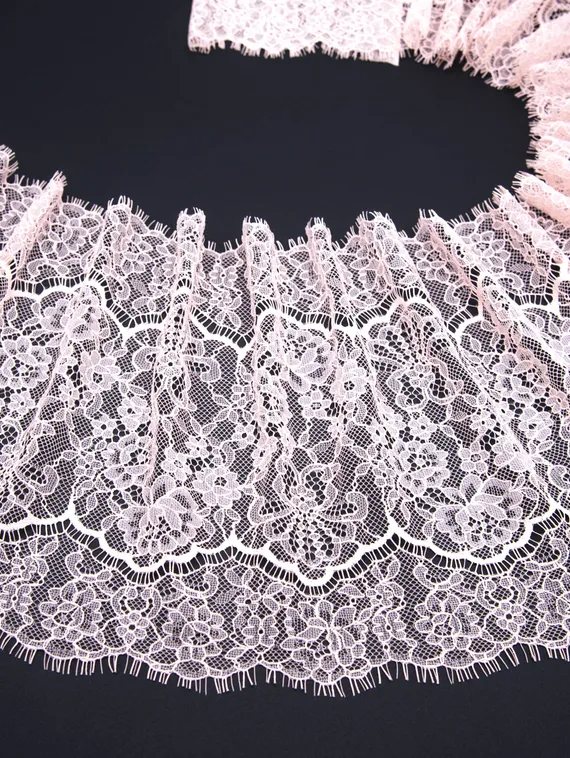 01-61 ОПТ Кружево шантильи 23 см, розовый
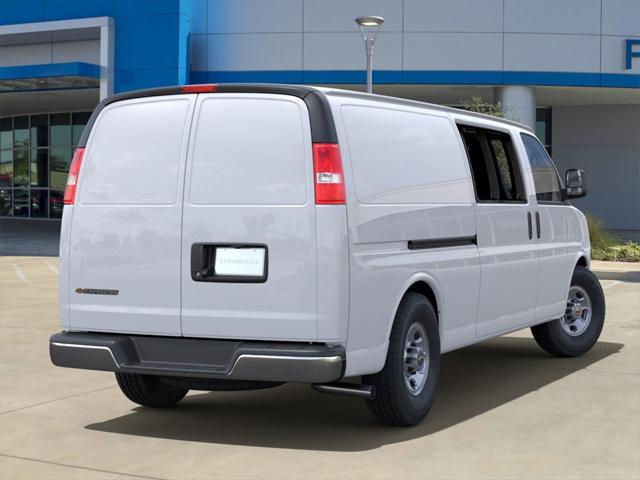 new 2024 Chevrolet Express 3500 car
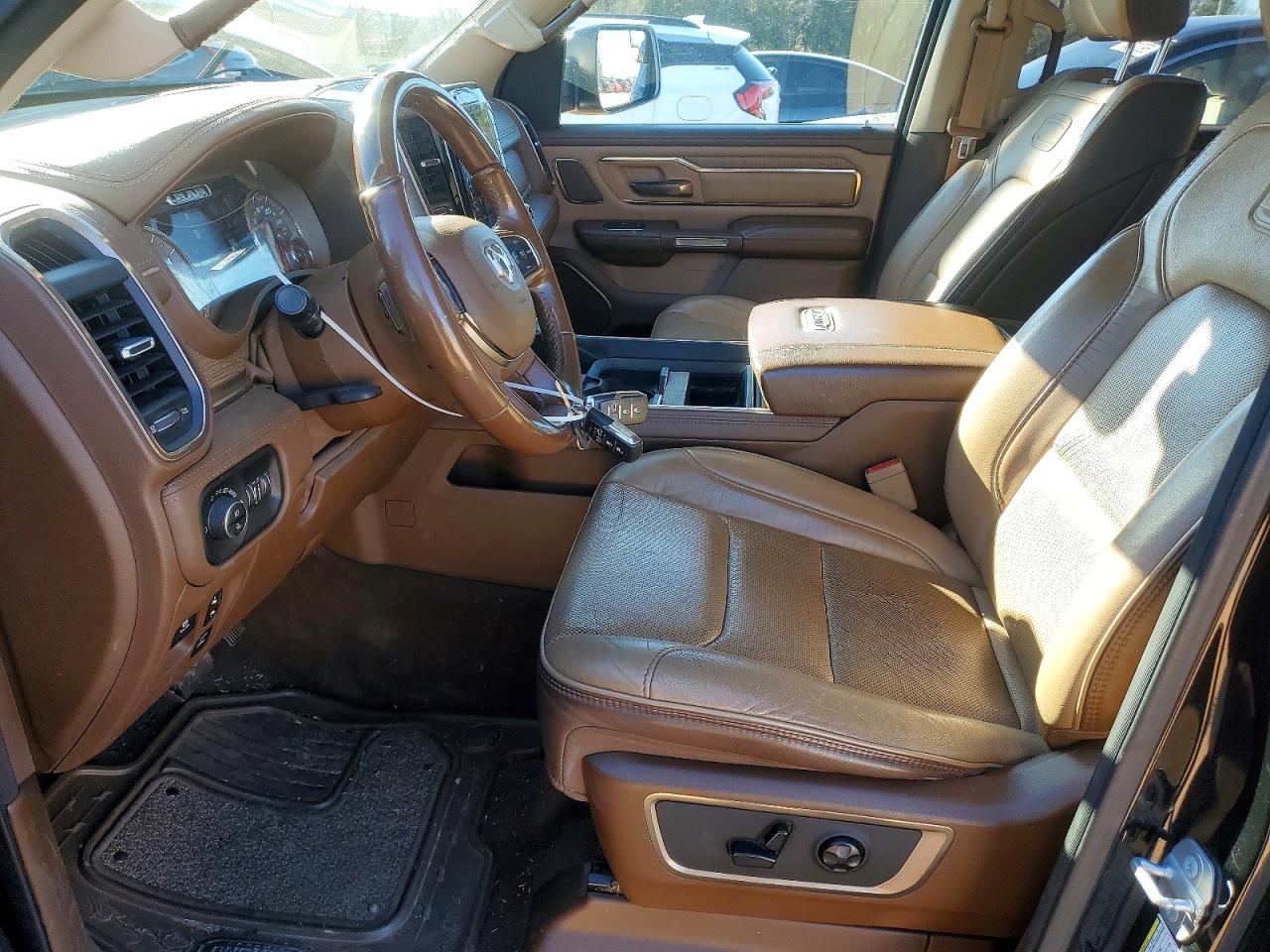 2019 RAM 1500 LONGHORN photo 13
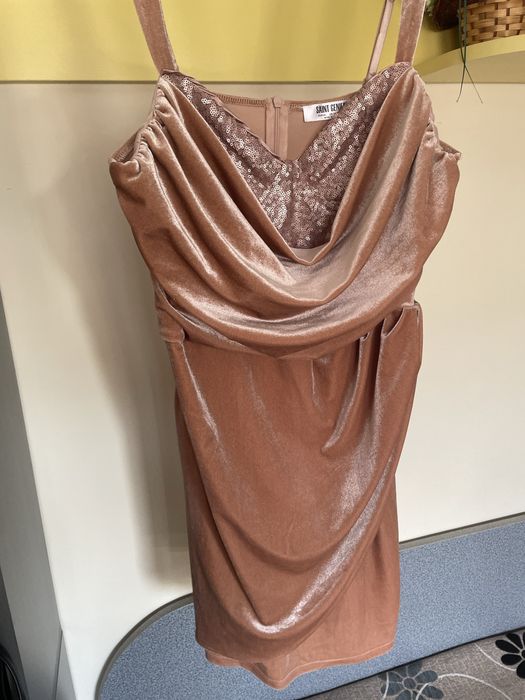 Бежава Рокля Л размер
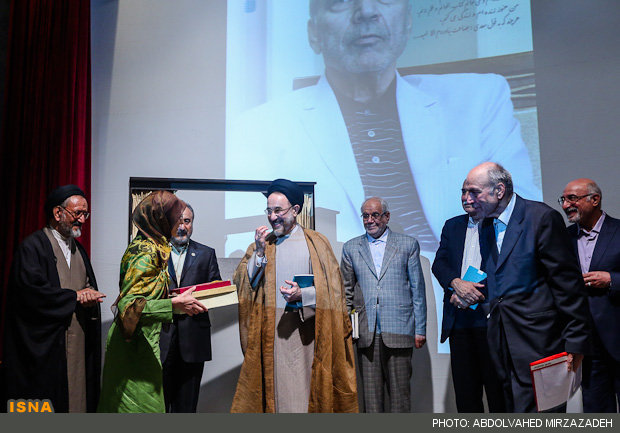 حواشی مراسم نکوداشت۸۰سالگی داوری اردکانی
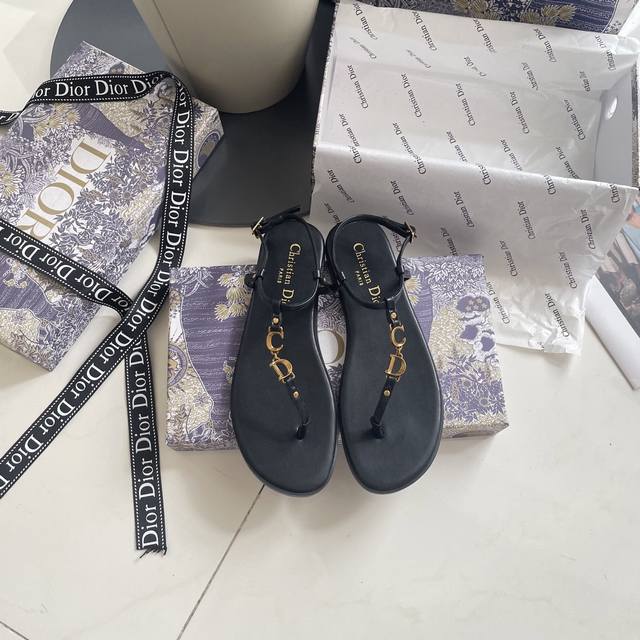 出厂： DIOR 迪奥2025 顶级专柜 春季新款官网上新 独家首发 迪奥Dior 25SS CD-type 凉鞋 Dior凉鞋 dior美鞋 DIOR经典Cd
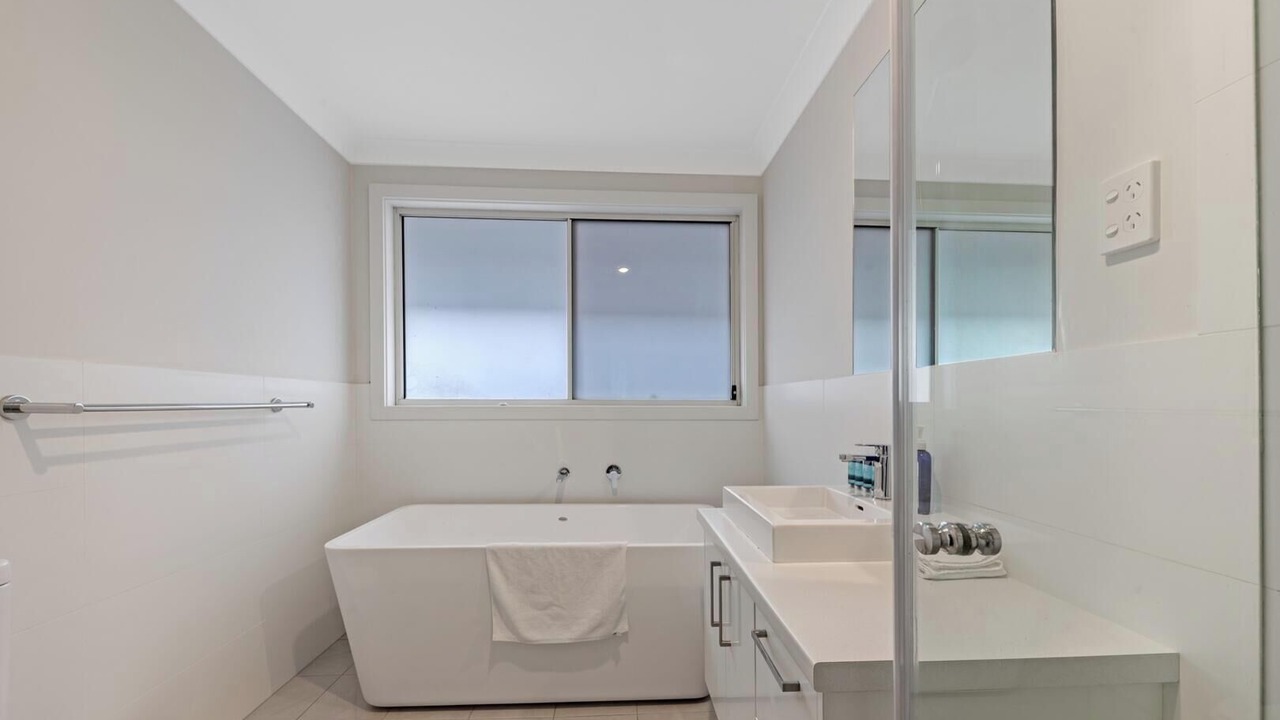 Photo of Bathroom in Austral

REQUIRED WORK
Every line from the one containing "حواشی مراسم نکوداشت۸۰سالگی داوری اردکانی" to the final line of the records should be duplicated exactly; no picture is to be copied.

ANSWER SECTION
 حواشی مراسم نکوداشت۸۰سالگی داوری اردکانی
 出厂： DIOR 迪奥2025 顶级专柜 春季新款官网上新 独家首发 迪奥Dior 25SS CD-type 凉鞋 Dior凉鞋 dior美鞋 DIOR经典Cd
 Photo of Bathroom in Austral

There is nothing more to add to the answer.